He was a member of the
prestigious Lodge of Antiquity No.2 and became Deputy Grand Master in 1835, when the Earl of Durham was compelled to resign on being appointed ambassador to Russia. Lord
Henry had already been honoured with the rank of Past Senior Grand Warden in
1832 and served as President of the Board of General Purposes in 1834.
On 2 September 1836 he was appointed Provincial Grand Master for
Oxfordshire and served
his Province well until his
untimely death in action, on board HMS Dolphin in the China Sea, on 2 June 1840.
A large, well-kept gravestone marks his burial in the rather small and hidden-away Protestant
cemetery in Macao. His memory was immortalised in Churchill Lodge No. 702 (now No. 478), which was founded in 1841 in his honour.
It is only appropriate
that Winston's father,
Lord Randolph Churchill (1849-1895), and his uncle, Randolph's elder brother George Charles Spencer Churchill (1844-1892), the Marquis of Blandford, should both be initiated in Churchill
Lodge on 9 February 1871.
The two brothers were excluded on 22 January 1883
- together with eleven other brethren, Oscar Wilde among them - for non-payment of dues. The brothers were subsequently reinstated, as they had been in South Africa on Her Majesty's Service.

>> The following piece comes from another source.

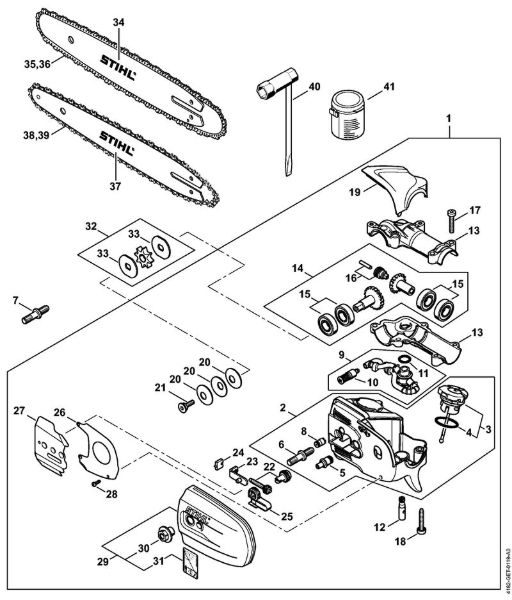 Podadoras en altura (HT) HT 70 Caja reductora de la marca Stihl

Some ten years later another member of the Churchill family came into the Lodge when Charles Richard John Spencer Churchill (1871-1934), ninth Duke of Marlborough, and first cousin of Winston, was initiated on 7 May 1894, aged 23.
By 1911, Winston Churchill was well on his way to political success and fame, and in October 1911 was
appointed First Lord of the Admiralty.
In the knowledge that he would no longer be able to take any part whatsoever, he resigned from Studholme Lodge in July 1912, but continued his membership of the Craft.

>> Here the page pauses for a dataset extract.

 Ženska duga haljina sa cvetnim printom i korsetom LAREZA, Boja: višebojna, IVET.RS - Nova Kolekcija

In January 1918 a petition was presented to Grand Lodge for the formation of a new Lodge to be named Ministry of Munitions Lodge. An explanatory letter to Grand Lodge stated that 'members stationed in
London away from home', who had been brought together in the Ministry of Munitions of War, felt the need to meet in a Masonic
environment.
It also proposed Armament Lodge as an alternative name. A total of 95 brethren signed the petition, including Sir Laming Worthington-Evans, Parliamentary Secretary to the ministry, and Winston
Churchill, Minister
of Munitions.
Grand Lodge refused the
petition in a letter dated 14
January 1918 addressed to
Lieut. Alfred Lewis, Senior Warden-designate, and signed by the Grand Secretary,
P Colville Smith:
Dear Sir and Brother,
The petition for the proposed Ministry of Munitions Lodge has considered
... & I regret to have to inform you that ... the prayer thereof [cannot] be acceded to [on the grounds that] the policy of the advisors of the Grand Master has always been to decline to recommend the printing of a warrant for a new Lodge where it was intended that the membership thereto be restricted to the members of any particular department of the Civil Service
of the crown.
This was not, however, the last of Churchill's
involvement with petitions to Grand Lodge. During
this period of tension and patriotic fervour, Clementine Churchill, Winston's energetic and supportive wife, often visited munitions
factories throughout England.
In early November 1917
she visited the Rees Roturbo
Manufacturing Company, known as the Ponder's End Shell Works, near Enfield in North London.
Prompted by some of the
workers, she wrote to Churchill's private secretary, Eddie Marsh, on 5 November, seeking Winston's assistance on their behalf.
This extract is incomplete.